=== How to complete this task ===
I would like the lines below, from the one with "Чарівна усміхнена студентка" through the one with "- Фото, зображення", copied exactly and without any pictures.

** Opening Records to process block **

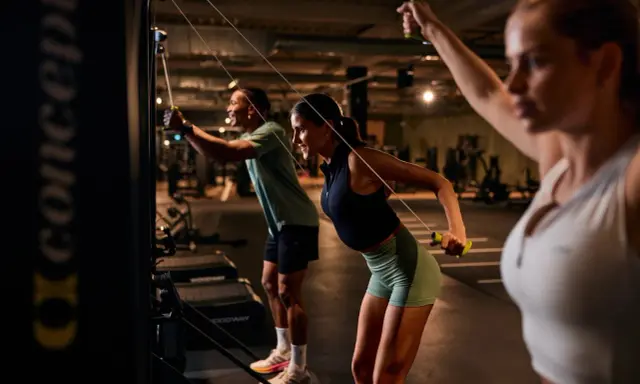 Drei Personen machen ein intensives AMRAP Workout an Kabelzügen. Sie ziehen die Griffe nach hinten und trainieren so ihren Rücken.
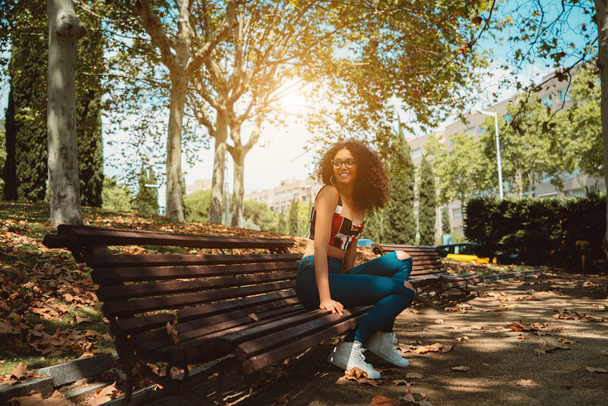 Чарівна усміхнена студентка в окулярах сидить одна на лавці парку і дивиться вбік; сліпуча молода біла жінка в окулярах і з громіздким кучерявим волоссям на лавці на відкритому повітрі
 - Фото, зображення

** Closing Records to process block **
** Opening Records to process block **

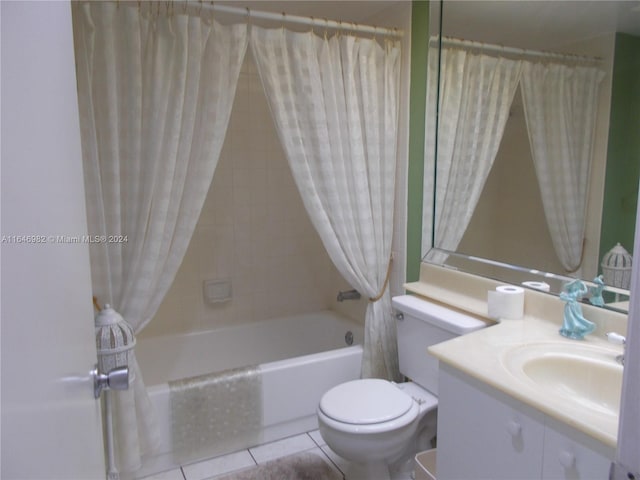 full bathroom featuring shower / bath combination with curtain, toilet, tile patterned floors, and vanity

** Closing Records to process block **

=== Output below ===
 Чарівна усміхнена студентка в окулярах сидить одна на лавці парку і дивиться вбік; сліпуча молода біла жінка в окулярах і з громіздким кучерявим волоссям на лавці на відкритому повітрі
 - Фото, зображення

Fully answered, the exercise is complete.